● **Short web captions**
■ ■ ■ ■ ■

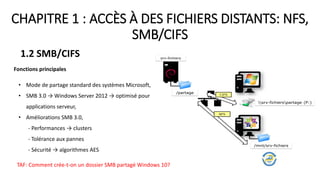 CHAPITRE 1 : ACCÈS À DES FICHIERS DISTANTS: NFS,
SMB/CIFS
1.2 SMB/CIFS
Fonctions principales
• Mode de partage standard des systèmes Microsoft,
• SMB 3.0 → Windows Server 2012 → optimisé pour
applications serveur,
• Améliorations SMB 3.0,
- Performances → clusters
- Tolérance aux pannes
- Sécurité → algorithmes AES
TAF: Comment crée-t-on un dossier SMB partagé Windows 10?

■ ■ ■ ■ ■

● **Requirement**
The answer must be an exact reproduction of the records, with every picture left out.

● **Solved exercise**
 CHAPITRE 1 : ACCÈS À DES FICHIERS DISTANTS: NFS,
SMB/CIFS
1.2 SMB/CIFS
Fonctions principales
• Mode de partage standard des systèmes Microsoft,
• SMB 3.0 → Windows Server 2012 → optimisé pour
applications serveur,
• Améliorations SMB 3.0,
- Performances → clusters
- Tolérance aux pannes
- Sécurité → algorithmes AES
TAF: Comment crée-t-on un dossier SMB partagé Windows 10?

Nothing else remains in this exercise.